After a prayer like that, my heart was ready to hear the mes
sage, and what a message it was! He spoke on tears and sighs. I wondered what he would get out of that until he explained that tears and sighs are sometimes our best prayers. His text came from Exodus, the part when the children of Israel were in bondage and suffering so bad, and the Lord told them, “I have heard thy prayer, I have seen thy tears.” Oh, it was wonderful! After all, hasn’t every one of us been at that place where we hardly know how to pray anymore and we just flood our pillows with tears?
Pastor Osborne said David once prayed that the Lord would put his tears in a bottle. To me that meant that David didn’t want the Lord to forget whatever it was he wept over. I didn’t know where David got the idea of the bottle, but Pastor Osborne explained that women collected their tears in a container of some kind and maybe those were the tears Mary used to wash Jesus’ feet.
I just marveled at that man.
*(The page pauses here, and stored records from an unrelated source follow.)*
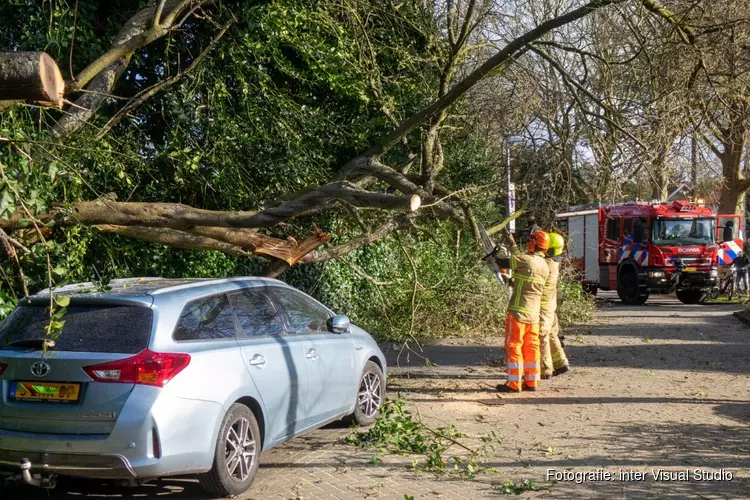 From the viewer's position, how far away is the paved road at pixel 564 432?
5.96 metres

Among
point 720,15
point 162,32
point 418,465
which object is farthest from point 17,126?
point 720,15

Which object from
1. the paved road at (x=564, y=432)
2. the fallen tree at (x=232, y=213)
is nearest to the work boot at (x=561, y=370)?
the paved road at (x=564, y=432)

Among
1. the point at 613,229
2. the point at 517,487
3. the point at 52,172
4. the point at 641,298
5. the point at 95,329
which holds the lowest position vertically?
the point at 517,487

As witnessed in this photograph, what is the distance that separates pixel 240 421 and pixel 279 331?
104cm

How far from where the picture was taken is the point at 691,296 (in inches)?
1017

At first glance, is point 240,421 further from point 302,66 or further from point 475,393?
point 302,66

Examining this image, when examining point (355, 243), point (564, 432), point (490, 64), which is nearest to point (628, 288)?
point (355, 243)

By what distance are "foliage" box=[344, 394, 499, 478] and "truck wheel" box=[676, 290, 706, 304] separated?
20067 mm

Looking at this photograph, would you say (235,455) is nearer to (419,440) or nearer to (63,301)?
(63,301)

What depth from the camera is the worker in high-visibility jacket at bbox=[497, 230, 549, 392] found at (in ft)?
32.0

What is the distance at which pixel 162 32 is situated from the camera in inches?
357

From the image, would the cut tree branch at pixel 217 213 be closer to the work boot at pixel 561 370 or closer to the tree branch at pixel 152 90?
the tree branch at pixel 152 90

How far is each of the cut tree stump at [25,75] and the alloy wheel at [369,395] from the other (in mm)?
4877

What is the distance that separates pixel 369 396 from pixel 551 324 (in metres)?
3.50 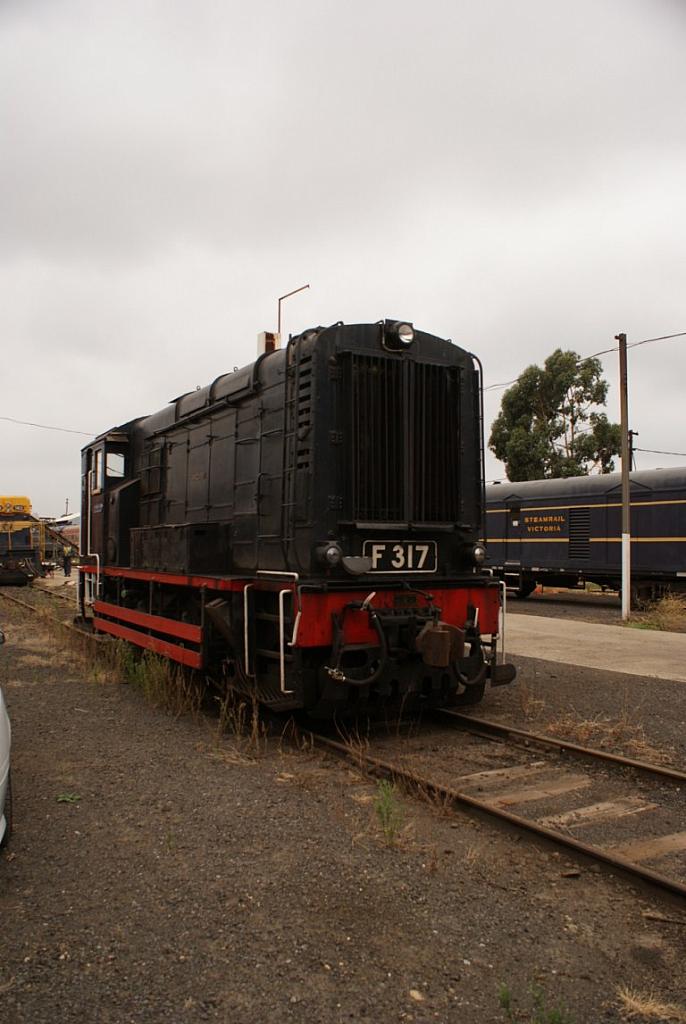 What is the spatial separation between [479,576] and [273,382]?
2.64 metres

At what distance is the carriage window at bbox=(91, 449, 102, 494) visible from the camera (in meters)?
10.7

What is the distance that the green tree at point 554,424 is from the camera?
33.1m

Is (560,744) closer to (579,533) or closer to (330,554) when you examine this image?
(330,554)

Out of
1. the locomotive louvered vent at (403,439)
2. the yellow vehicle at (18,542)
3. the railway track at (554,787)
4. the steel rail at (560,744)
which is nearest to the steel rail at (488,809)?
the railway track at (554,787)

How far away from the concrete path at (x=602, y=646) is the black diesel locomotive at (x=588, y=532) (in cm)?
380

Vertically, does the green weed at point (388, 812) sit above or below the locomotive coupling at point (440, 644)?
below

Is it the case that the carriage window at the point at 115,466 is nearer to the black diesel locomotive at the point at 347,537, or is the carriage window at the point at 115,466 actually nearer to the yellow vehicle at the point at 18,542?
the black diesel locomotive at the point at 347,537

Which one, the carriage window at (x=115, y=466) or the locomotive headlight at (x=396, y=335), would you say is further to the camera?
the carriage window at (x=115, y=466)

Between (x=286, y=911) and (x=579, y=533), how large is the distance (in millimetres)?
17142

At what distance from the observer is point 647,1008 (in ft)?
8.71

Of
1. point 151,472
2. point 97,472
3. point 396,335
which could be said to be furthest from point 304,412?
point 97,472

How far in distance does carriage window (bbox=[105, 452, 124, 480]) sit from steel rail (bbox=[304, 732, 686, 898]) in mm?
5804

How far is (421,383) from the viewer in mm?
6809

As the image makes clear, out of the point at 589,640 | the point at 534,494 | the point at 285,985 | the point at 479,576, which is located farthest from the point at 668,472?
the point at 285,985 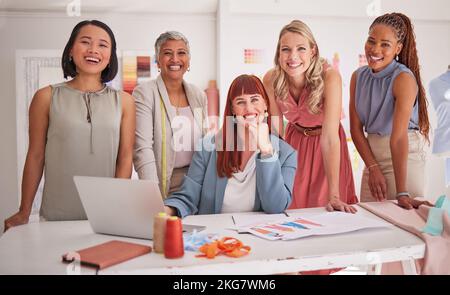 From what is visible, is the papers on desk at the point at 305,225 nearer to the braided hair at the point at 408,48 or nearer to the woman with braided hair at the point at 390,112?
the woman with braided hair at the point at 390,112

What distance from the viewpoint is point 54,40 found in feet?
4.95

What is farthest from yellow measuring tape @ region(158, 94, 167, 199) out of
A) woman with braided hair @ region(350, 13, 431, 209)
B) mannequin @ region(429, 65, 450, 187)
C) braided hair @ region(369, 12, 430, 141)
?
mannequin @ region(429, 65, 450, 187)

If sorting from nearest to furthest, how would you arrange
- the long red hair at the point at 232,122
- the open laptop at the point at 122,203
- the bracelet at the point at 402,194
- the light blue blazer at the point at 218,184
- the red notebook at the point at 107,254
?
1. the red notebook at the point at 107,254
2. the open laptop at the point at 122,203
3. the light blue blazer at the point at 218,184
4. the long red hair at the point at 232,122
5. the bracelet at the point at 402,194

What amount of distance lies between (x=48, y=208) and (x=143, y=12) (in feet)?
2.31

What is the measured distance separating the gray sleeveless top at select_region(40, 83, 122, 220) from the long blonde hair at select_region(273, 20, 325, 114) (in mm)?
585

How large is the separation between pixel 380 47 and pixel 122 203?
1.14 m

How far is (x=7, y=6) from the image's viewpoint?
1451mm

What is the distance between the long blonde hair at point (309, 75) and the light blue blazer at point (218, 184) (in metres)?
0.21

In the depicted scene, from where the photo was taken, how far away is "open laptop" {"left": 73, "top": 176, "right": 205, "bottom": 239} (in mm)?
1133

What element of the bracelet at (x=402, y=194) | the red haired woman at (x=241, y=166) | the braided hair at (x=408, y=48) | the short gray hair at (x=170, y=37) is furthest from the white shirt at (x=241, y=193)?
the braided hair at (x=408, y=48)

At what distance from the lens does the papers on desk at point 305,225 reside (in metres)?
1.19

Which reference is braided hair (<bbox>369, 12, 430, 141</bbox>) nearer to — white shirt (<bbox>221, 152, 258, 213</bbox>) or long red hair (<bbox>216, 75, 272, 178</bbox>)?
long red hair (<bbox>216, 75, 272, 178</bbox>) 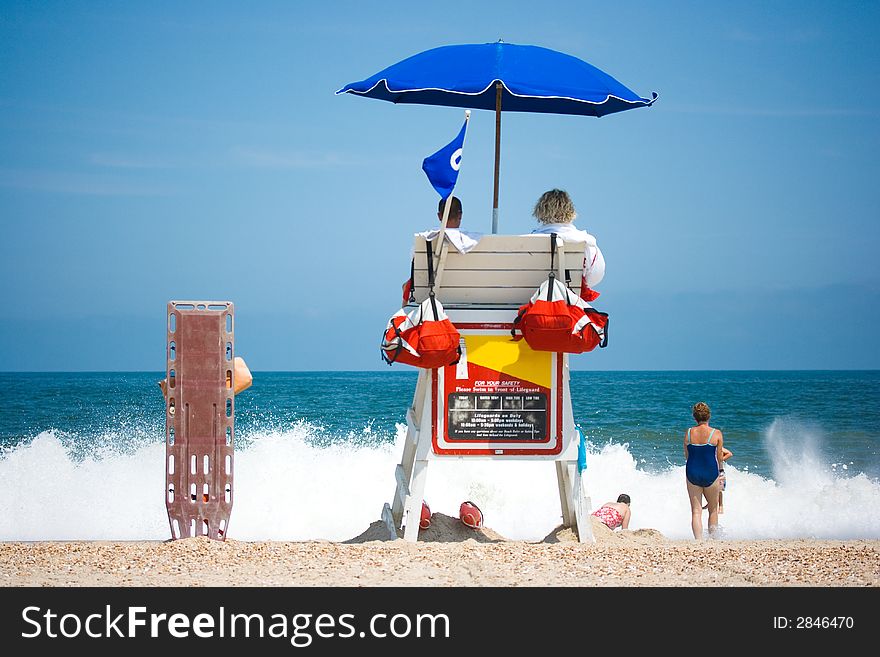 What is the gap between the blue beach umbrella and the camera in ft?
19.9

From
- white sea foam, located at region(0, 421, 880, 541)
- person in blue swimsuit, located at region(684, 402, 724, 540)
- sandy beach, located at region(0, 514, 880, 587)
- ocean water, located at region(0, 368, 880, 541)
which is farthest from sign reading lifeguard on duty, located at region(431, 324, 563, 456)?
white sea foam, located at region(0, 421, 880, 541)

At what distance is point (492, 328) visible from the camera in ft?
19.4

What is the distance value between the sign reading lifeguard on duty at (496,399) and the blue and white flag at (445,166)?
0.93m

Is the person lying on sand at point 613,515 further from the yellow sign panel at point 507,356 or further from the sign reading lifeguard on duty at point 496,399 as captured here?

You never got one of them quickie sermons off the top of his head like some preachers would give you.
People in my church are quick to clap at any little thing like they were watching TV or some entertainment, but that morning the Spirit was moving, and you could hear a pin drop.
While he was talking, I found myself wishing he had used that verse, “They that sow in tears shall reap in joy.” Pastor Osborne never fails to sow the good seed of the Word of God at Apostolic, but with hard hearts and minds made up, it hasn’t always been easy. But he was and still is a real soul-winner who goes after the drunks and wife-beaters as well as the top dogs in town. I bet he’s watered that seed real good with his tears. I hope I live long enough for that morning when he reaps with joy.